/Credit_Risk_Analysis

Supervised Machine Learning: Comparing various models to predict Credit Risk

Primary LanguageJupyter Notebook

Credit_Risk_Analysis

Overview of the Analysis

Credit risk is an inherently unbalanced classification problem, as good loans easily outnumber risky loans. Therefore, we need to employ different techniques to train and evaluate models with unbalanced classes. We will use imbalanced-learn and scikit-learn libraries to build and evaluate models using resampling.

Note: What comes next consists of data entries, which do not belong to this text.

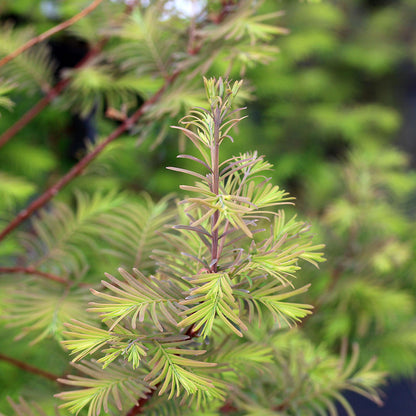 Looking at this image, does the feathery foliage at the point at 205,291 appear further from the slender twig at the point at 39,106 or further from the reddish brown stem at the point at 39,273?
the slender twig at the point at 39,106

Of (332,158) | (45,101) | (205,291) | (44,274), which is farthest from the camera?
(332,158)

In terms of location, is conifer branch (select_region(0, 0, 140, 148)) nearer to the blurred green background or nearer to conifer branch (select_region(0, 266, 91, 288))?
the blurred green background

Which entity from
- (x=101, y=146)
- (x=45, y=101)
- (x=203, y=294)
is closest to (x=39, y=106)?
(x=45, y=101)

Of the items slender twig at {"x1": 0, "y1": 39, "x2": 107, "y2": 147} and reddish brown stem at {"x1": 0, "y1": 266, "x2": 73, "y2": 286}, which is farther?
slender twig at {"x1": 0, "y1": 39, "x2": 107, "y2": 147}

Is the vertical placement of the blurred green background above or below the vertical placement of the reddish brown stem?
above

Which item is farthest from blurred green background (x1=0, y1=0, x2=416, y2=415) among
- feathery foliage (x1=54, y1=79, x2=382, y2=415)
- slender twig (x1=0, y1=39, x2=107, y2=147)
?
feathery foliage (x1=54, y1=79, x2=382, y2=415)

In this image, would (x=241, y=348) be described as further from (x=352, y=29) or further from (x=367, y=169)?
(x=352, y=29)

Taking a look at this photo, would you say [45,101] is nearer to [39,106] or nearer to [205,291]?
[39,106]

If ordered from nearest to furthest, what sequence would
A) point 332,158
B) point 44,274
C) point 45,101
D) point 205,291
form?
point 205,291, point 44,274, point 45,101, point 332,158

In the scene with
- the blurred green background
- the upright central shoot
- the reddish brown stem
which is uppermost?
the blurred green background

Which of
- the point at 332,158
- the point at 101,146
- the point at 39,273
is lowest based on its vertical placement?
the point at 39,273

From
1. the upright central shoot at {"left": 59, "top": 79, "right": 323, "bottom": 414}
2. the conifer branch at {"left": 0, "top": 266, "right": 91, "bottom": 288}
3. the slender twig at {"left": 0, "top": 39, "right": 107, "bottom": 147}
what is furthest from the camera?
the slender twig at {"left": 0, "top": 39, "right": 107, "bottom": 147}

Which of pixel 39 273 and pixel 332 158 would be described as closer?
pixel 39 273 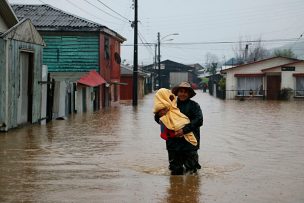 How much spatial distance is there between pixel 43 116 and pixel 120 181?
1167cm

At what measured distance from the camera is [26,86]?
60.2ft

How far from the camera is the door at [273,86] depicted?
163 ft

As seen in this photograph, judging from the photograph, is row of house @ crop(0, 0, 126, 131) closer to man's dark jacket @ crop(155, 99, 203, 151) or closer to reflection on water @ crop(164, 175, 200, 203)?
man's dark jacket @ crop(155, 99, 203, 151)

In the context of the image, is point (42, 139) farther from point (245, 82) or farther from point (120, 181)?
point (245, 82)

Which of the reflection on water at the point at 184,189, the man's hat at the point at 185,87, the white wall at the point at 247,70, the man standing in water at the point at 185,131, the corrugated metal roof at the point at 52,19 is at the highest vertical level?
the corrugated metal roof at the point at 52,19

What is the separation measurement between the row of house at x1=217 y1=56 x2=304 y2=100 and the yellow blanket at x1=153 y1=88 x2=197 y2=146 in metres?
40.7

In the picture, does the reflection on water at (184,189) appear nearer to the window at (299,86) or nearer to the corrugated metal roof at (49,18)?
the corrugated metal roof at (49,18)

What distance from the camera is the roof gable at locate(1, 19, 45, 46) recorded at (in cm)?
1586

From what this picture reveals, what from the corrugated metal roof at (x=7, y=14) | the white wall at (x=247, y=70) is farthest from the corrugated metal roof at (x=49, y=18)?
the white wall at (x=247, y=70)

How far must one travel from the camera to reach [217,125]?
66.2 ft

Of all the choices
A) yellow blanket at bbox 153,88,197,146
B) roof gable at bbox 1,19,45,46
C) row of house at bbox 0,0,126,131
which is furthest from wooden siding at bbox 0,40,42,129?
yellow blanket at bbox 153,88,197,146

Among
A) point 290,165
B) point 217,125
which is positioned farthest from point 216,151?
point 217,125

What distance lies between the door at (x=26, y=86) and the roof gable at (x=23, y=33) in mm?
571

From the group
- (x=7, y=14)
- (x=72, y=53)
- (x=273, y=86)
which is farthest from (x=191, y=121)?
(x=273, y=86) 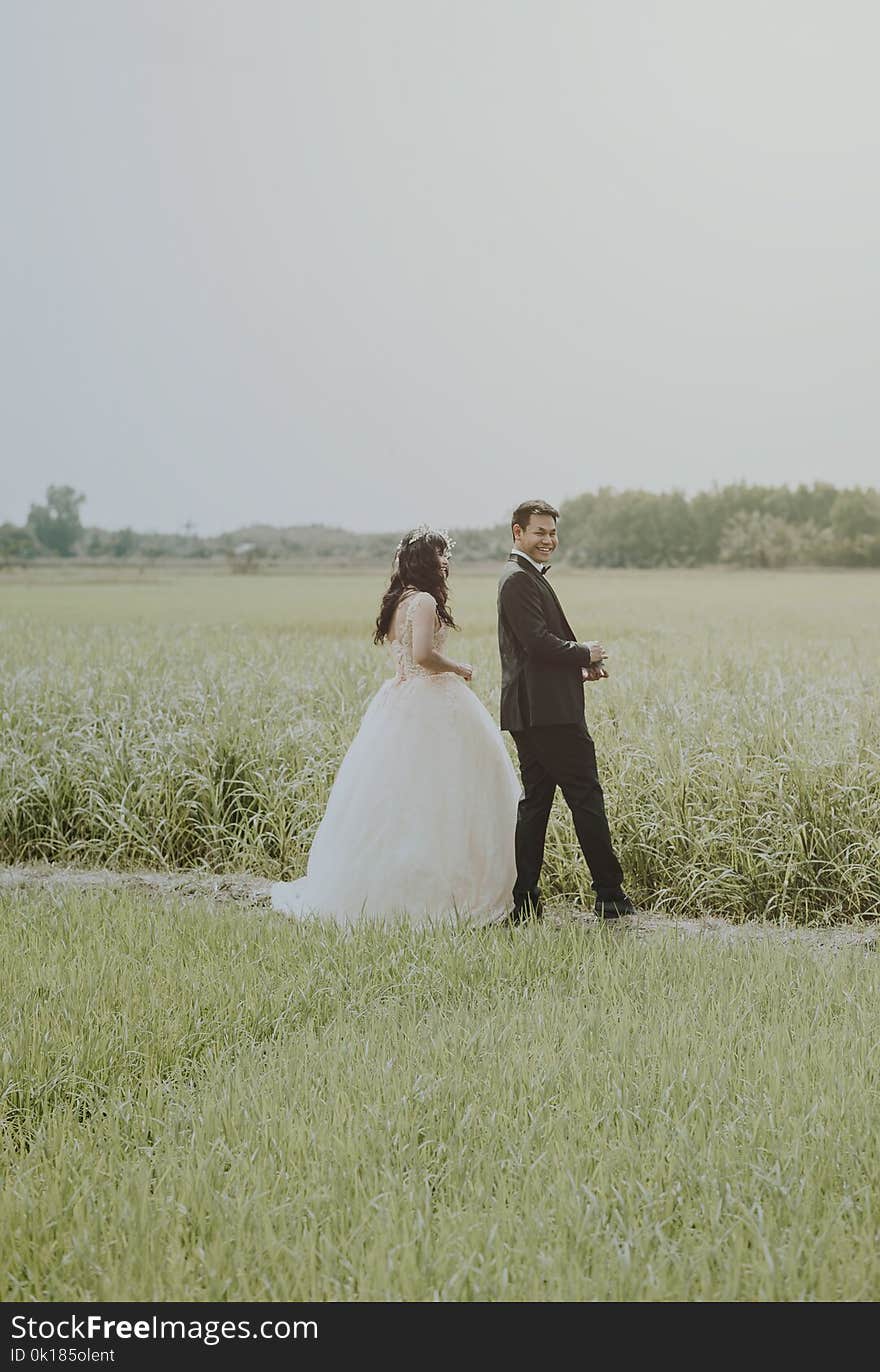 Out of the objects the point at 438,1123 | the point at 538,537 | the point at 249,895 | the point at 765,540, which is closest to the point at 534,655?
the point at 538,537

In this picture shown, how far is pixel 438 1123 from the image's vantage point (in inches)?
132

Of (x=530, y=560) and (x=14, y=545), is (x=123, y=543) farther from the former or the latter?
(x=530, y=560)

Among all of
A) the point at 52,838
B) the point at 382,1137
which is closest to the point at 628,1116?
the point at 382,1137

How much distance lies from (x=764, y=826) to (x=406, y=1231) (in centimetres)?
410

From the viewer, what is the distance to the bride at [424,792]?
5625 mm

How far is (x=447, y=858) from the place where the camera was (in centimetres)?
565

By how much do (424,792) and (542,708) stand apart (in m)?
0.71

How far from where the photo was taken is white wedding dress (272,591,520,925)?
5629 mm

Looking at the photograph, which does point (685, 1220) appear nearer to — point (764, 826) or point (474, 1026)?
point (474, 1026)

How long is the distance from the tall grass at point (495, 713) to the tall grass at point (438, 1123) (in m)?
1.38

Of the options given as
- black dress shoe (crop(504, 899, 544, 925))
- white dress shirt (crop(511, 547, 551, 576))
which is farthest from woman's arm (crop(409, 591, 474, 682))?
black dress shoe (crop(504, 899, 544, 925))

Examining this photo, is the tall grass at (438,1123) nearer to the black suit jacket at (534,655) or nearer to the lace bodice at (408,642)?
the black suit jacket at (534,655)

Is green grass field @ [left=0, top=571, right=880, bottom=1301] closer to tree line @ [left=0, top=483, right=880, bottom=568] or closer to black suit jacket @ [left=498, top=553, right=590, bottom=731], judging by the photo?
black suit jacket @ [left=498, top=553, right=590, bottom=731]

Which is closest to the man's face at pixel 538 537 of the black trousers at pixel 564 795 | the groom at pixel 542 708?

Using the credit card credit dataset from LendingClub, a peer-to-peer lending services company, we will oversample the data using the RandomOverSampler and SMOTE algorithms, and undersample the data using the ClusterCentroids algorithm. Then, we will use a combinatorial approach of over- and undersampling using the SMOTEENN algorithm. Next, we will compare two new machine learning models that reduce bias, BalancedRandomForestClassifier and EasyEnsembleClassifier, to predict credit risk. Then we will evaluate the performance of these models and make a written recommendation on whether they should be used to predict credit risk.

Resources

Results

1. Using Resampling Models to Predict Credit Risk

Jupyter Notebook: credit_risk_resampling_code.ipynb
Balanced accuracy score, confusion matrix, and classification report are generated as shown below:

1a. RandomOverSampler Algorithm

ROS(1).png

As seen above, for high risk case:

  • Balanced accuracy score is calculated at 64.6%
  • Precision score is 1%,
  • Sensitivity is 61%, and
  • F1 score is 2%

1b. SMOTE Algorithm

Smote.png

As seen above, for high risk case:

  • Balanced accuracy score is calculated at 62.3%
  • Precision score is 1%,
  • Sensitivity is 61%, and
  • F1 score is 2%

1c. Under sampling ClustCentroids Algorithm

CC.png

As seen above, for high risk case:

  • Balanced accuracy score is calculated at 51.3%
  • Precision score is 1%,
  • Sensitivity is 60%, and
  • F1 score is 1%

2. Using the SMOTEENN algorithm to Predict Credit Risk

Jupyter Notebook: credit_risk_resampling_code.ipynb
Balanced accuracy score, confusion matrix, and classification report are generated as shown below:
Smoteen.png

As seen above, for high risk case:

  • Balanced accuracy score is calculated at 61.6%
  • Precision score is 1%,
  • Sensitivity is 69%, and
  • F1 score is 2%

3. Using Ensemble Classifiers to Predict Credit Risk

Jupyter Notebook: credit_risk_ensemble.ipynb
Balanced accuracy score, confusion matrix, and classification report are generated as shown below:

3a. BalancedRandomForestClassifier Algorithm

BRFC.png

As seen above, for high risk case:

  • Balanced accuracy score is calculated at 78.8%
  • Precision score is 4%,
  • Sensitivity is 67%, and
  • F1 score is 7%

The features are sorted in descending order by feature importance

BRFC(2).png

3b. EasyEnsembleClassifier Algorithm

EEC.png

As seen above, for high risk case:

  • Balanced accuracy score is calculated at 92.5%
  • Precision score is 7%,
  • Sensitivity is 91%, and
  • F1 score is 14%

Summary

Presented below is a summary of the balanced accuracy scores, the precision, sensitivity, and the F1 scores for all six models in a descending order(based on high risk applications):

  • EasyEnsembleClassifier: Accuracy 92.5%, Precision 7%, Sensitivity 91%, F1 score 14%
  • BalancedRandomForestClassifier: Accuracy 78.8%, Precision 4%, Sensitivity 67%, F1 score 7%
  • RandomOverSampler: Accuracy 64.6%, Precision 1%, Sensitivity 61%, F1 score 2%
  • SMOTE: Accuracy 62.3%, Precision 1%, Sensitivity 61%, F1 score 2%
  • SMOTEEN: Accuracy 61.6%, Precision 1%, Sensitivity 69%, F1 score 2%
  • ClusterCentroids: Accuracy 51.3%, Precision 1%, Sensitivity 60%, F1 score 1%

Recommendation

It appears that the EasyEnsembleClassifier should be the model of choice as it has an accuracy score of 92.5%. The sensitivity is also very high for this model, which means that rate at which high risk applications are correctly predicted is high. However, I would not recommend any of these models because the precision rate is still very low (7% or below), which means that rate of high risk predictions being correct is still very low. This would result in unnecessary loss of business. Therefore, we should look for another better model.